We can not think of life without the comforts and conveniences that we get from wood; but interior China affords a striking example of what it means for a nation to have a very small supply. There is no wood for manufacturing and the natives search the hillsides for even the tiniest shrubs to burn and even for grass scratched from the soil. Once this part of China was a great forest region, but century by century the forests have been used, not rapidly, as in this country, for China is not a great industrial nation, but surely, until there is hardly a twig left.
China is not the only nation that has suffered in this way. Many of the ancient peoples have entirely passed away; and the destruction of their forests, as we have seen in the previous chapter, was the first cause leading to their extinction.
Denmark was originally almost covered with forests. These were cut down for fuel, for lumber, and to make way for agriculture. For a long time there was no attempt to restore them, and now a large area, once productive, has become a sandy desert. In the same way, large parts of Austria and Italy have become valueless because the growing forests were cut down.
In France the forests at the head-waters of the Rhone and the Seine were cut down and fierce floods began to pour down the valleys each year, bringing destruction to property and crops all along their way. But France has long ago learned the lesson of forestry, and as soon as the danger was seen, the mountain sides were replanted with trees, and since then conditions have been gradually changing for the better.
France has had another experience in forestry that has taught her what can be done to save her waste lands. Near the coast were great sand-dunes. The winds drove them each year farther inland, and the sand was gradually driving out the vineyards and farm crops. In 1793 the planting of forests on these dunes was begun. Of 350,000 acres, 275,000 have been planted in valuable pine forests. More than half of these belong to private owners and there is no record of their value, but the portion belonging to the government has yielded a large income above all expenses, and is worth $10,000,000 as land; and this was not only valueless but was a menace to the surrounding country. In the interior of France a sandy marsh covering 2,000,000 acres has been changed into a profitable forest valued at $100,000,000.

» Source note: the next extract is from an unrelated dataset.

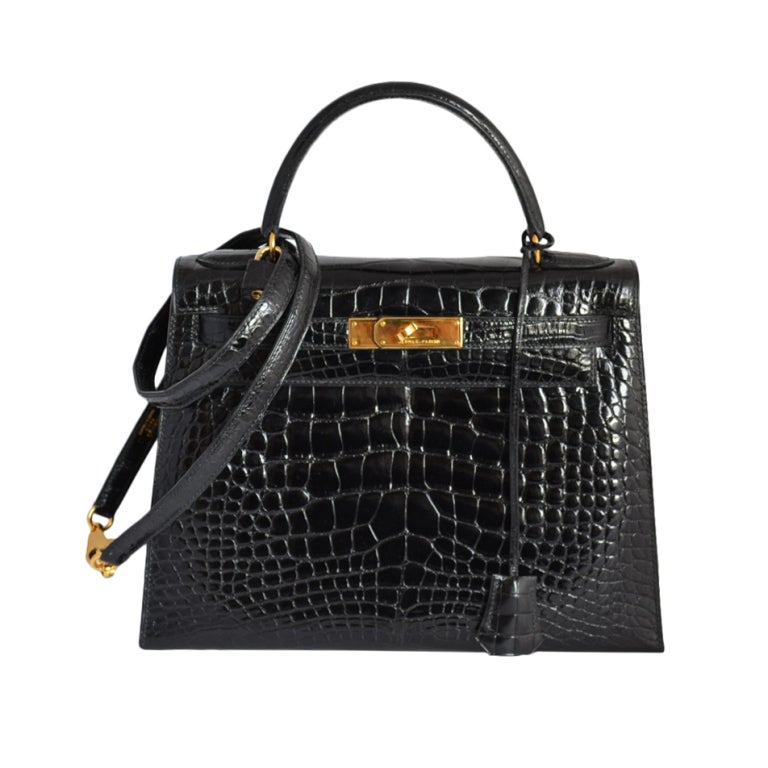 Hermes Kelly 28 crocodile Mississippi with gold hardware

A hundred years ago all the eastern part of the United States and the Rocky Mountains and the Pacific coast region were covered with thick forests hundreds and hundreds of miles in extent. Evergreens—the pines, hemlocks, cedars and spruces—grew near the coast in great abundance, while farther inland were found the most magnificent hardwood forests in the world.

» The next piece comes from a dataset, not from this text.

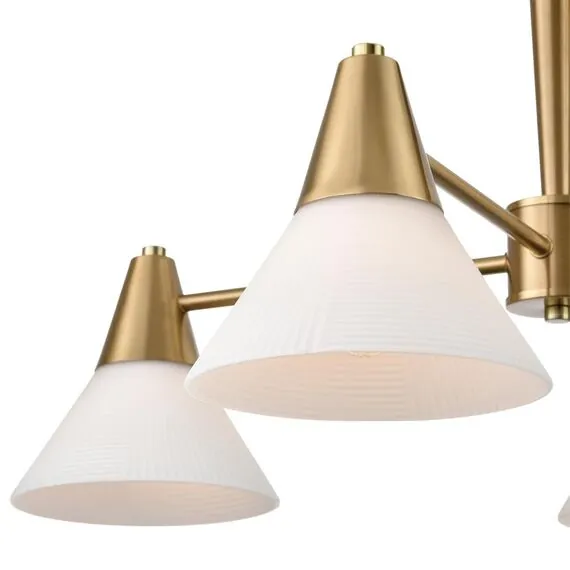 LUMION 8113/6 MODERNI LN25 184 латунь/белый, металл/стекло Люстра потолочная E27 6*60W 220V CORNE, изображение 9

Unfortunately, the first needs of the early settlers required them to cut down these mighty forests. The soil, which was very fertile, could not, of course, be used for farming purposes until the land was cleared, and so this was the first necessity.

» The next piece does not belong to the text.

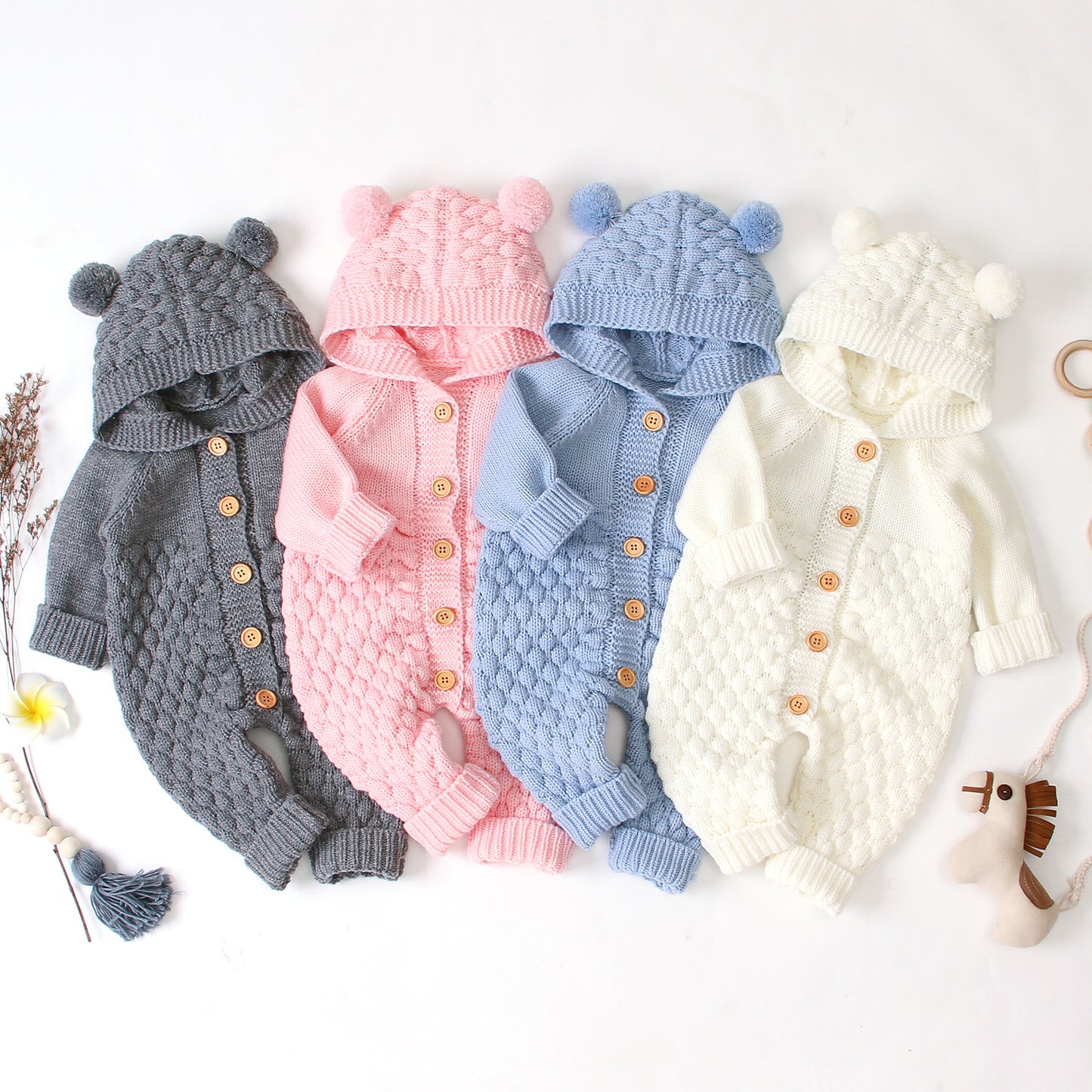 SnuggleKnit – Baby Hooded Jumpsuit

The wood was used to build the cabins, to make the rude furniture, the wagons and ox-carts, and for fuel, but this disposed of only a small amount of the wood that came from the clearing of a farm. No man could give it to his neighbor when all had more than they could use, and there was no market for its sale. The trees were burned in large quantities to clear the land for the planting of crops.
Wood was of the greatest value to the first settlers, but it was also the greatest hindrance to their making homes, so they took no care whatever of what they could not use. It was burned or left on the ground to decay. As towns sprang up, there began to be a demand for lumber for houses, for furniture, for vehicles and for fuel from those who had no trees of their own. This made a market for the best grades of lumber at a low price, but almost every farmer would give away trees of the best hardwood to any person who would cut and haul them away.